La presidenta del Banco Central Europeo, Christine Lagarde, advirtió de que la región no debe quedarse rezagada mientras la inteligencia artificial transforma la economía mundial. En un discurso en la sede del Foro Económico Mundial en Ginebra, Lagarde señaló que hay señales alentadoras de que las empresas europeas están invirtiendo en esta tecnología y citó datos de una encuesta según los cuales las compañías de la zona euro destinarán este año alrededor del 9% de su inversión total a la IA.
“Europa se quedó en gran medida al margen de la primera revolución digital, ya que los beneficios comerciales derivados de la expansión de las tecnologías de la información y la comunicación se concentraron de forma desproporcionada en otras regiones”, dijo este miércoles. “No podemos permitirnos repetir esa experiencia con la IA, la segunda revolución digital”.
Entre las soluciones, planteó la eliminación de las barreras internas que impiden a las empresas operar y crecer como “empresas europeas” y no necesariamente de un país, y en ese sentido alabó el modelo “EU Inc”, una figura jurídica empresarial voluntaria a escala de la UE que permitiría a una compañía constituirse una sola vez y operar con un único conjunto de normas en todo el espacio comunitario.

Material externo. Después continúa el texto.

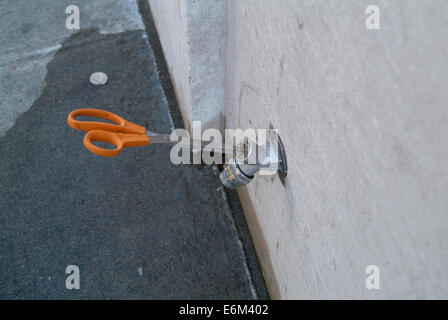 Scissors used as a handle to control water tap. Stock Photo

Lagarde también hizo hincapié en los problemas que las empresas enfrentan para conseguir capital a medida que crecen. “Según el Banco Europeo de Inversiones, las empresas de rápido crecimiento de la UE y las radicadas en San Francisco (Estados Unidos) captan cantidades aproximadamente similares en sus primeros cinco años de actividad, pero al décimo año, las de la UE han captado un 50 % menos”, mencionó. Así, la economista francesa defendió la idea de integrar más rápido los mercados de capitales de la UE para que las empresas que puedan crecer a escala europea dispongan también de un capital adecuado. Precisamente esta semana el BCE publicó que los ahorradores europeos han invertido 440.000 millones de euros en las grandes tecnológicas estadounidenses.

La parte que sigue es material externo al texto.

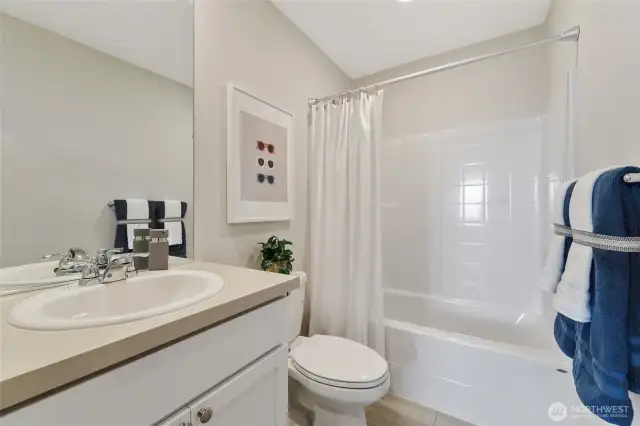 See supplements for colors in home. Home has gray cabinets.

Lagarde destacó que el modelo de crecimiento de la posguerra se apoyaba en tres pilares que hoy se tambalean: la expansión del comercio mundial, una industria competitiva apoyada en energía barata y un orden internacional estable y basado en reglas. Europa está perdiendo ventajas que durante décadas sostuvieron su crecimiento, y defendió una transformación que elimine las barreras que impiden que las empresas europeas inviertan, innoven y crezcan a escala continental.
La presidenta del BCE destacó que China ha avanzado en la cadena de valor y ahora compite directamente con la zona del euro en casi el 40% de los sectores en los que Europa tiene una ventaja comparativa, frente a alrededor del 25% a comienzos de este siglo. La respuesta a este reto, aseguró, se encuentra en una de las mayores fortalezas que Europa conserva: su mercado interior de 27 Estados miembros y 450 millones de consumidores, con una demanda interna que es el principal motor de crecimiento de la zona.